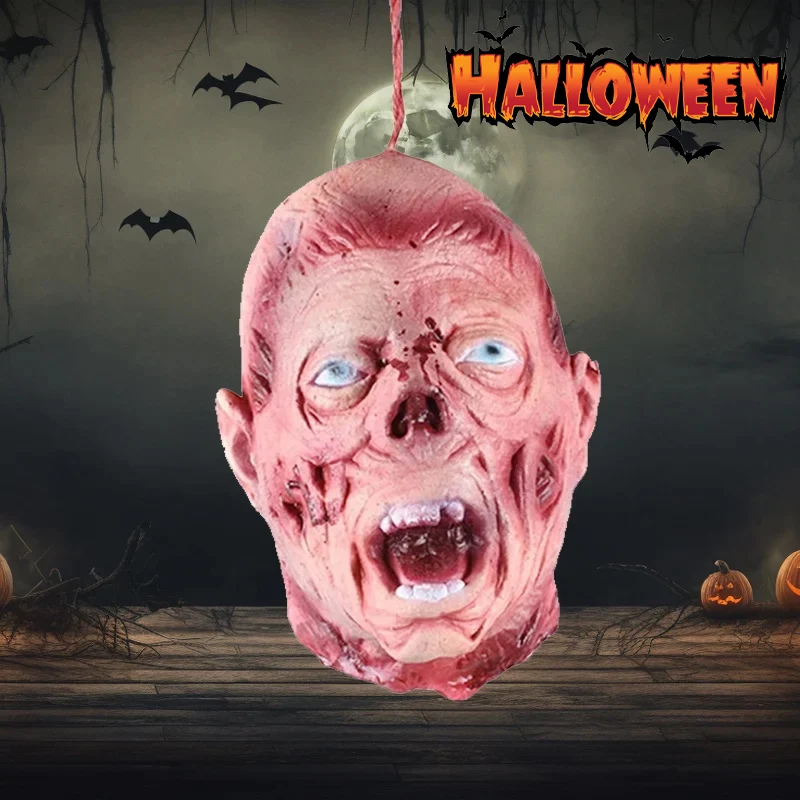 

Halloween Decorations Haunted House Escape Room Simulated Head Horror Decapitation Props Prank Toys Realistic Human Head Props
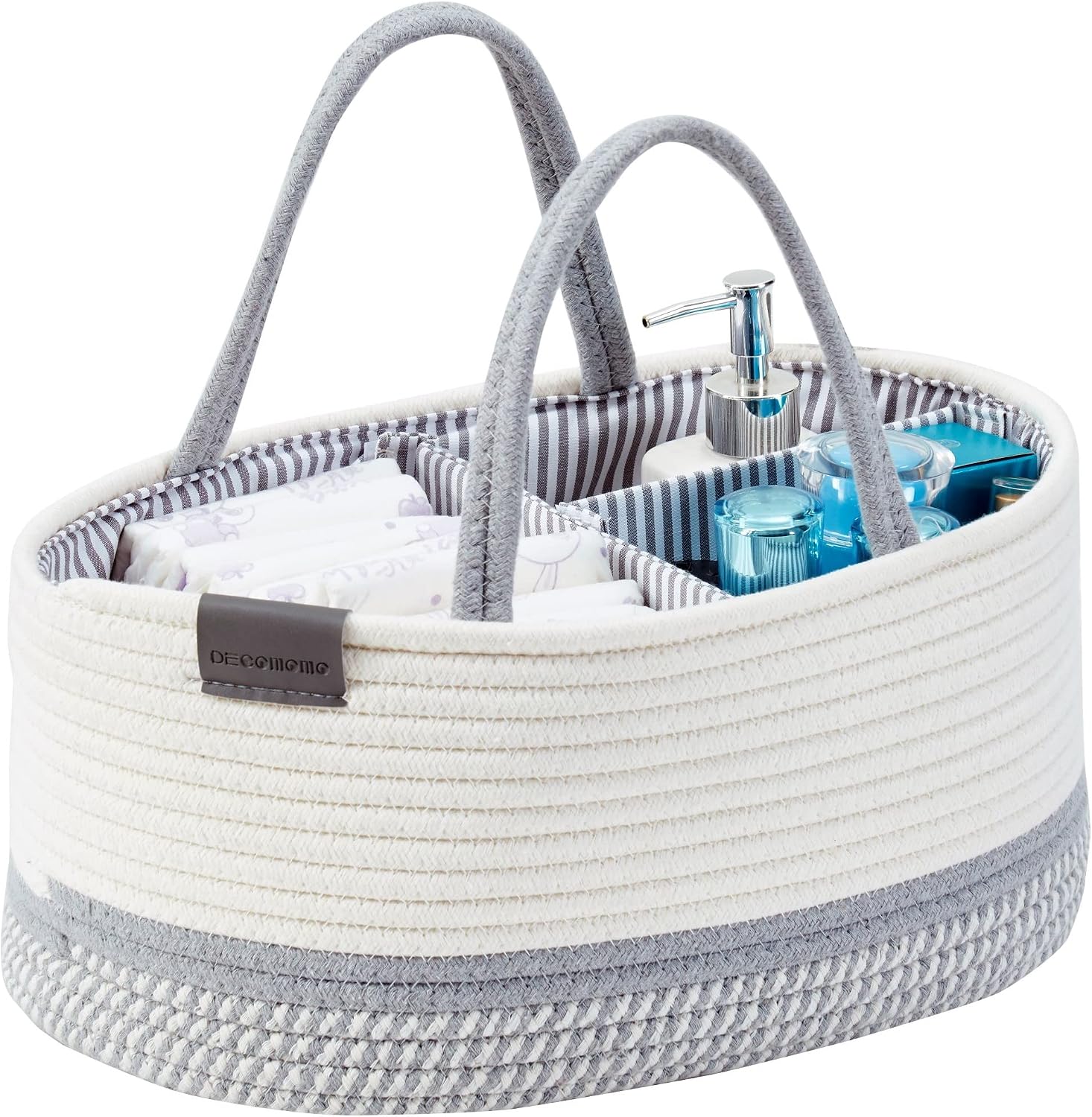 DECOMOMO XL Diaper Caddy Organizer | Baby Diaper Storage Organizer for Baby Newborn | Nursery Storage Baskets for Empty Baby Shower Gift, Car, Changing Table (Spiral Light Grey & White, Extra Large)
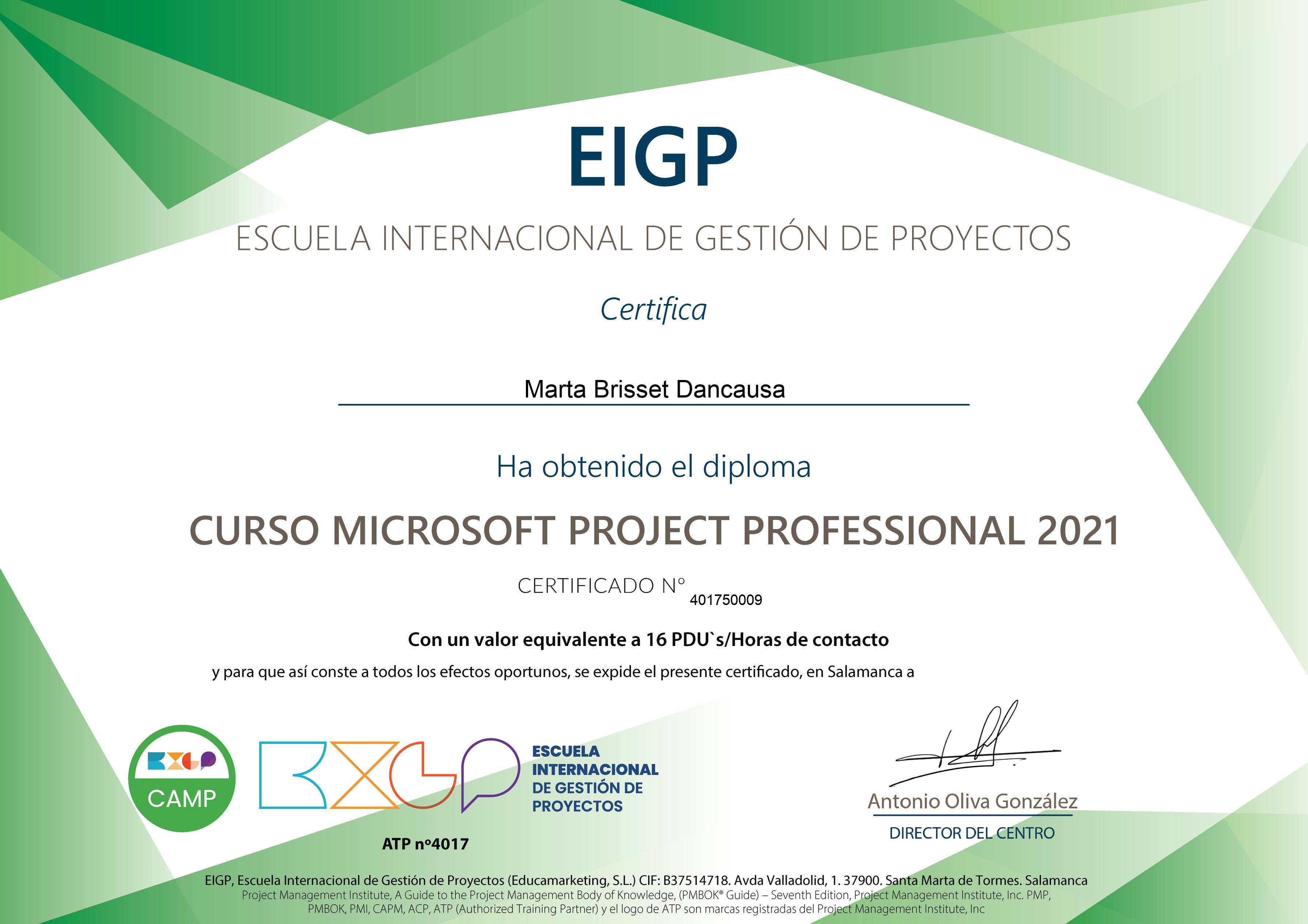 Máster Internacional en Dirección y Gestión de Proyectos - F.G. Universidad de Salamanca - EIGP (XIV Convocatoria; Octubre 2.017)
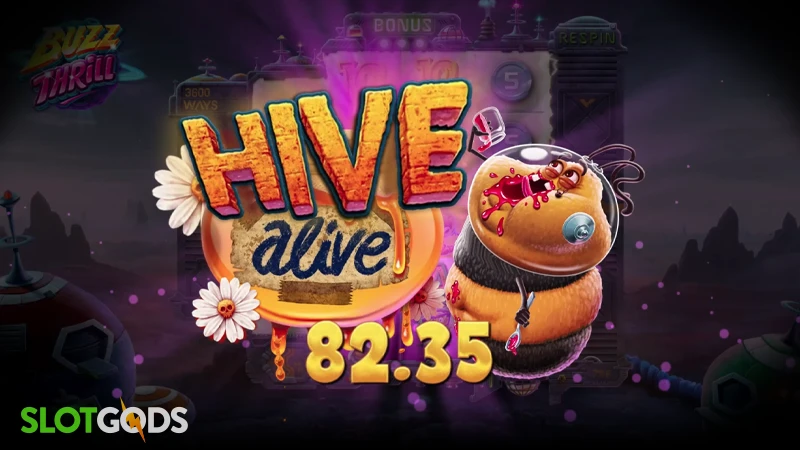 A screenshot of a big win in Buzz Thrills slot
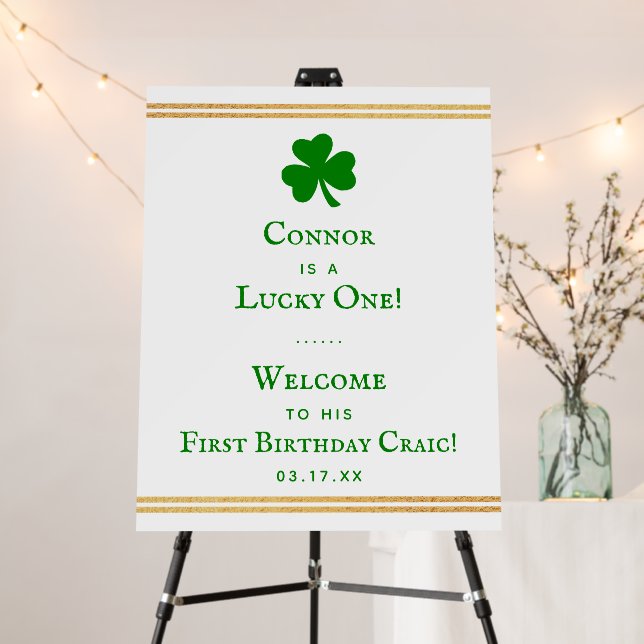 Stylish Gold Foil St. Patrick's Day 1st Birthday Foam Board (In Situ (Stand))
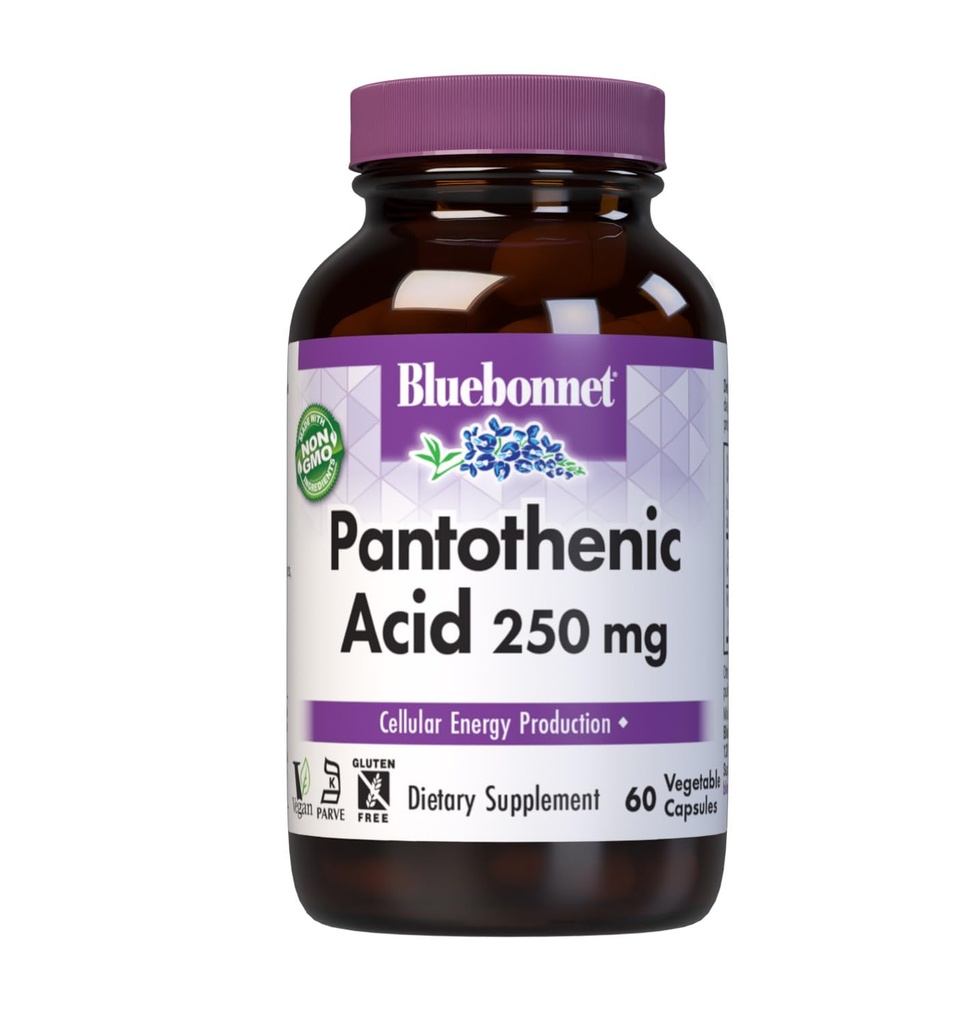 BlueBonnet Nutrition Pantothenic Acid 250 mg Dagelijkse Vitamine B5 Supplement voor Cellular Energy voor vrouwen en mannen - Veganistisch, Glutenvrij, Non-GMO - 60 Plantaardige Capsules
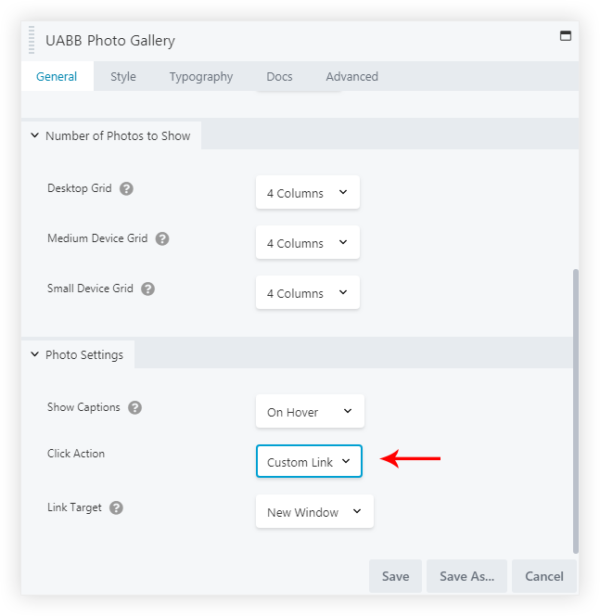 How to Add Custom Links to Photo Gallery images? - Ultimate Addons for ...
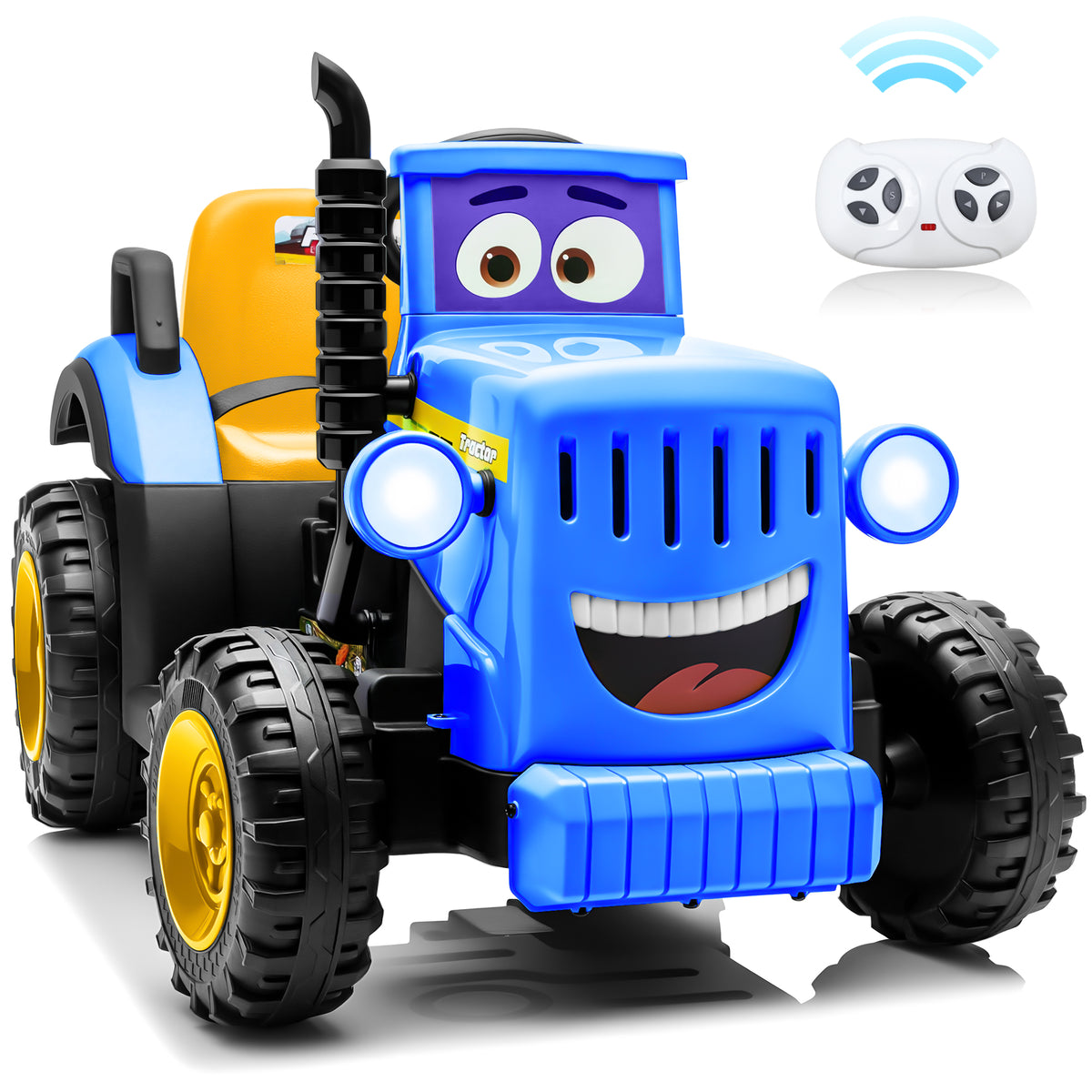 Sunnyfree 12V Ride on Toys, Electric Tractor for Kids, Power Car Wheels with LED Lights, Music, Horn, Safety Belt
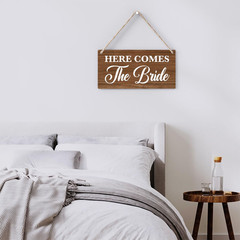 Rustic Wedding Sign Here Comes the Bride, Ring Bearer Sign, Funny Wedding Decor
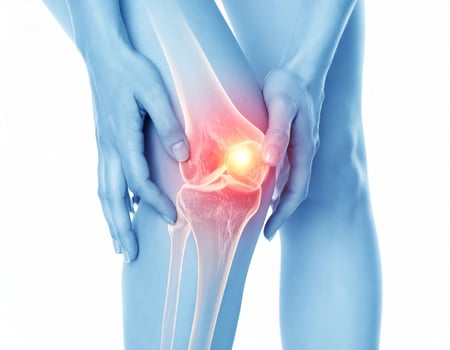 Highlighted area of knee discomfort spreading to surrounding regions, shown as a luminous spot on a semi-transparent knee illustration against a white backdrop. photo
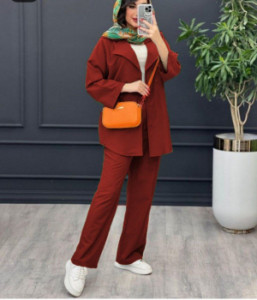 مانتو شلوار زنانه کرپ مازراتی مدل آسمان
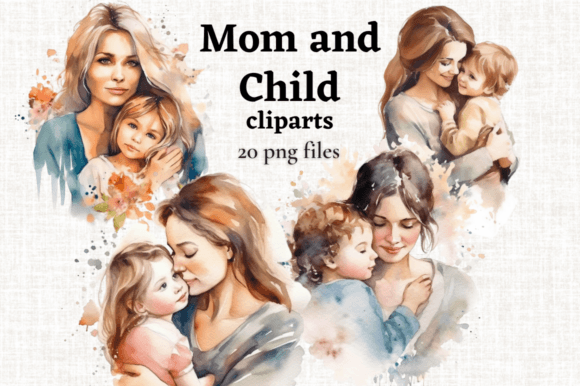 Download Watercolor Mom and Child Illustration - Child illustration Collection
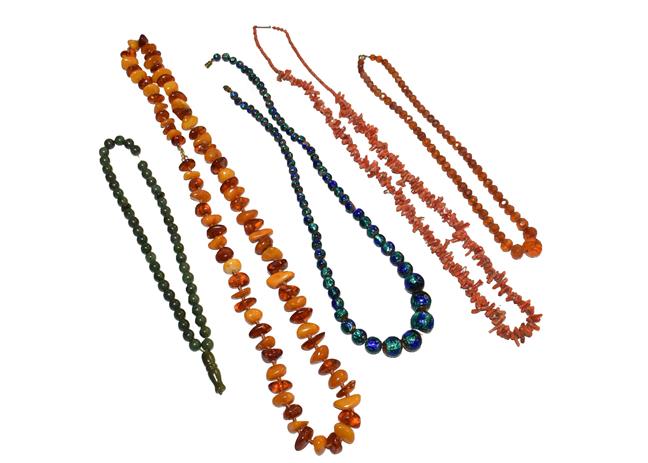 Lot 147 - A collection of jewellery including a coral branch necklace, length 72cm, an amber bead...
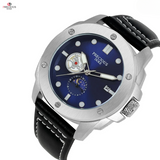 PRECIOUS DUKE Men's Moon Phase Quartz Watch – Leather Strap, Calendar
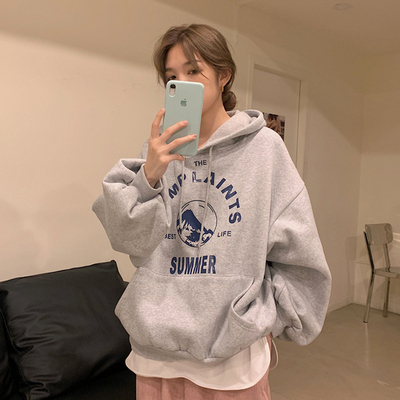 Autumn and winter new versatile velvet sweatshirt Hong Kong style Korean style loose quality hooded sweatshirt for men and women trendy brand couple wear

○ ○ ○ ○ ○

Leave the images out and transcribe the rest of the material exactly.

Halloween Decorations Haunted House Escape Room Simulated Head Horror Decapitation Props Prank Toys Realistic Human Head Props
 DECOMOMO XL Diaper Caddy Organizer | Baby Diaper Storage Organizer for Baby Newborn | Nursery Storage Baskets for Empty Baby Shower Gift, Car, Changing Table (Spiral Light Grey & White, Extra Large)
 Máster Internacional en Dirección y Gestión de Proyectos - F.G. Universidad de Salamanca - EIGP (XIV Convocatoria; Octubre 2.017)
 A screenshot of a big win in Buzz Thrills slot
 Stylish Gold Foil St. Patrick's Day 1st Birthday Foam Board (In Situ (Stand))
 BlueBonnet Nutrition Pantothenic Acid 250 mg Dagelijkse Vitamine B5 Supplement voor Cellular Energy voor vrouwen en mannen - Veganistisch, Glutenvrij, Non-GMO - 60 Plantaardige Capsules
 How to Add Custom Links to Photo Gallery images? - Ultimate Addons for ...
 Sunnyfree 12V Ride on Toys, Electric Tractor for Kids, Power Car Wheels with LED Lights, Music, Horn, Safety Belt
 Rustic Wedding Sign Here Comes the Bride, Ring Bearer Sign, Funny Wedding Decor
 Highlighted area of knee discomfort spreading to surrounding regions, shown as a luminous spot on a semi-transparent knee illustration against a white backdrop. photo
 مانتو شلوار زنانه کرپ مازراتی مدل آسمان
 Download Watercolor Mom and Child Illustration - Child illustration Collection
 Lot 147 - A collection of jewellery including a coral branch necklace, length 72cm, an amber bead...
 PRECIOUS DUKE Men's Moon Phase Quartz Watch – Leather Strap, Calendar
 Autumn and winter new versatile velvet sweatshirt Hong Kong style Korean style loose quality hooded sweatshirt for men and women trendy brand couple wear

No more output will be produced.